Finally, Plaintiff's claim for violation of California's False Advertising statute, California Civil Code section 17500, fails to provide Defendants fair notice of the nature of the claim. Plaintiff's conclusory allegation that "Defendants fabricated facts and figures that would show the plaintiff had the ability to repay the subject loan" is fatally vague without identifying the date, time, or speaker. To state a claim under section 17500, a Plaintiff must establish that "members of the public are likely to be deceived" by an entity's misleading statements. E.g. In re Tobacco II Cases, 46 Cal.4th 298, 311 (Cal. Ct. App. 2009). As the complaint is devoid of what misleading or deceptive statements were made to Plaintiff, Defendants do not have fair notice of the nature of the claim.
Plaintiff's "predatory lending" claim is DISMISSED, with prejudice.

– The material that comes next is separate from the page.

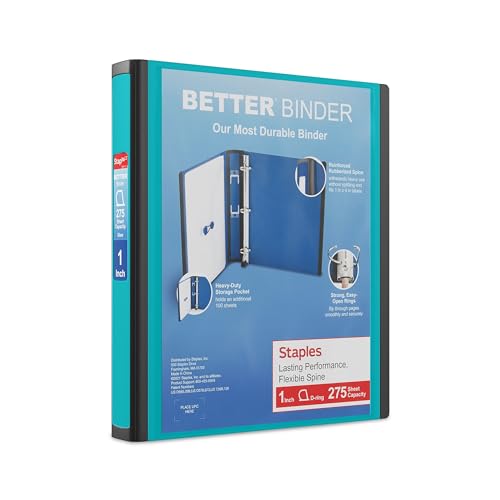 Staples 1-inch 3-Ring Better Binder, Teal, 3/Pack (ST55842-CCVS)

B. Second Claim for Relief: RESPA
Plaintiff's second claim for relief alleges Defendants failed to respond to a qualified written request in violation of RESPA. With respect to Plaintiff's claim for violation of 12 U.S.C. 2605(e)(2), the complaint fails to alleges facts sufficient to establish that Plaintiff actually sent a qualified written request ("QWR") to any Defendant subject to RESPA's requirements. Further, the FAC does not allege the purpose of the QWR Plaintiff allegedly sent to "Defendants." Because the purpose of the QWR Plaintiff sent is material to ascertaining the nature of the alleged RESPA violation, see, e.g., Patacsil v. Wilshire Credit Corp., 2010 U.S. Dist. LEXIS 10414 * 12 (E.D. Cal. 2010) (distinguishing between QWR related to loan origination from QWR related to servicing errors), the FAC's conclusory, vague allegations do not provide Defendants fair notice of Plaintiff's claim and do not comply with Rule 8. Similarly, Plaintiff's vague, conclusory allegation that "Defendants individually or collectively received kickbacks, unearned fees, or a thing of value as part of the real estate settlement" does not meet Rule 8's notice requirement.

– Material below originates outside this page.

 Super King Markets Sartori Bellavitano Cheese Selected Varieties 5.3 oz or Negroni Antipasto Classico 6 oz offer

With respect to Plaintiff's claim under 12 U.S.C. 2605(a), the complaint fails to allege facts sufficient to establish that the subject loan entailed assignment, sale, or transfer rights such that the notice requirements of section 2605(a) applied to it. Plaintiff's RESPA claims are dismissed, with prejudice.

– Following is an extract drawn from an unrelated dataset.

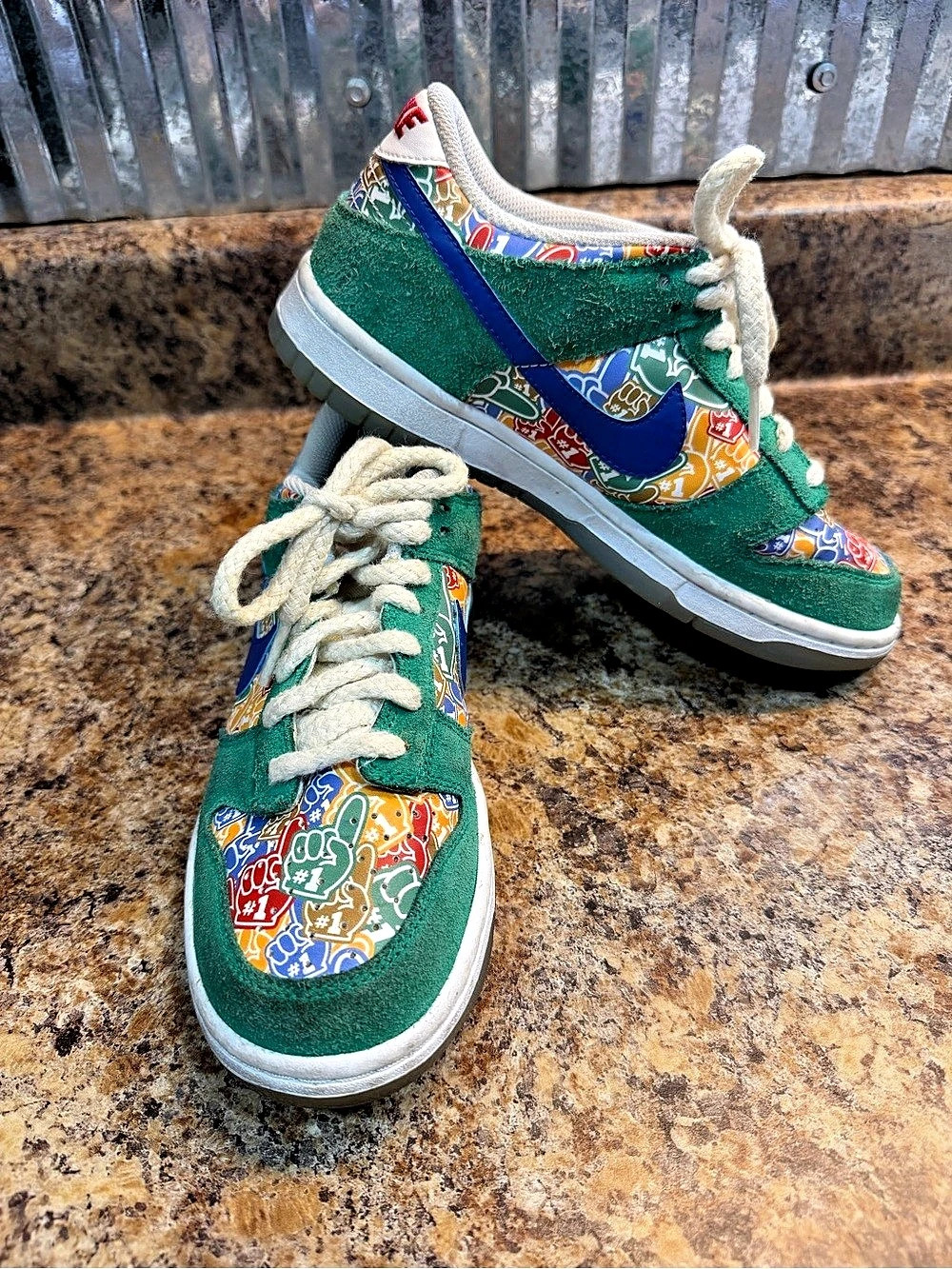 Nike Dunk Low "Foam Finger" Sneakers Green & Blue US 5Y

C. Third Claim for Relief: Unfair Competition Law Claims
Plaintiff's third claim for relief alleges violation of California Business and Professions Code 17200 and 17500, California's Unfair Competition Law ("UCL").
The FAC does not allege facts supporting Plaintiff's claims under California's UCL; instead, the complaint advances conclusory allegations stating that "Defendants" generally extend loans to "borrowers" without providing "sufficient, accurate, and understandable" information. (FAC at 10). Plaintiff alleges Defendants engaged in conduct that violates the "spirit" of various state and federal statutes, however, the FAC does not allege sufficient facts to support such allegations. Plaintiff's UCL claim is DISMISSED, with prejudice.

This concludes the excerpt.